Es importante conocer los
argumentos y las razones que nos ofrece la teología para iluminar nuestra
razón. Pero debemos tener muy claro desde el inicio que nos encontramos delante
de un misterio que probablemente nunca lleguemos a entender completamente.
Atención, por «misterio» no me refiero a una realidad
incomprensible y cerrada en sí misma. En términos cristianos el misterio es una
realidad que sobrepasa la capacidad intelectual humana pero que, gracias a la
revelación, ha quedado a medio abrir, revelando lo suficiente para hacernos
saber que lo que se esconde es mayor de lo que se muestra.
Y que si bien podemos
adentrarnos e incluso llegar a conocer algunos de sus pliegues, todo
conocimiento que se acerque a la verdad será siempre una gracia y jamás una
conquista personal.
UNA EXPERIENCIA QUE ME MARCÓ PARA SIEMPRE
Dicho esto —que era muy
importante— quiero contarles una experiencia personal que me conmovió
profundamente y me ayudó a hacerme una idea más clara del sentido de la cruz de
Cristo.
Sucedió hace algunos meses
cuando tuve la oportunidad de visitar Auschwitz,
uno de los campos de concentración nazi más conocidos de la Segunda Guerra
Mundial.
En ese lugar murieron miles de
personas, en su mayoría judíos pero también hubo cristianos y personas de otras
religiones. Para quienes no lo sepan —solo lo menciono —, ahí murió en modo
heroico san Maximiliano Kolbe.
UN RECORRIDO QUE ME CAMBIARÍA LA VIDA
Auschwitz está conformado por
un conjunto de pabellones donde vivían y trabajaban sus prisioneros.

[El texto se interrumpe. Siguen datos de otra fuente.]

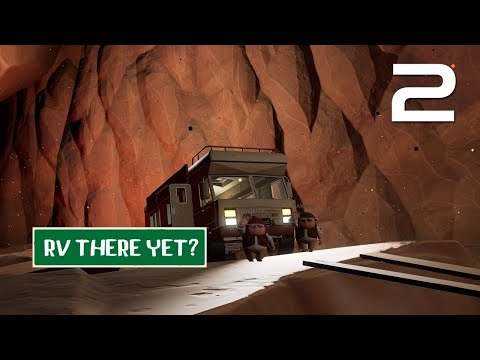 Видео: RV There Yet? | Часть 2: Через гору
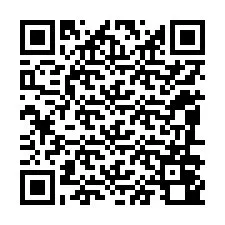 QR-code voor telefoonnummer +12086040950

Actualmente cada uno de esos pabellones es un pequeño museo que recuerda
alguno de los aspectos de la vida de estos hombres.
Menciono solo a los hombres
porque si bien a Auschwitz enviaron también mujeres y niños, estos, apenas
bajaban de los trenes, eran conducidos a las cámaras de gas por no ser
considerados aptos para el trabajo forzado al que eran sometidos los hombres
adultos.
OBJETOS Y LUGARES CON UNA HISTORIA QUE PARECE
IMPERDONABLE
En cada uno de los pabellones
se pueden ver muchos objetos de los cuales eran despojadas las personas que
llegaban al campo de concentración.
Así como también los baños y
cuartos comunitarios donde convivían todos en condiciones inhumanas.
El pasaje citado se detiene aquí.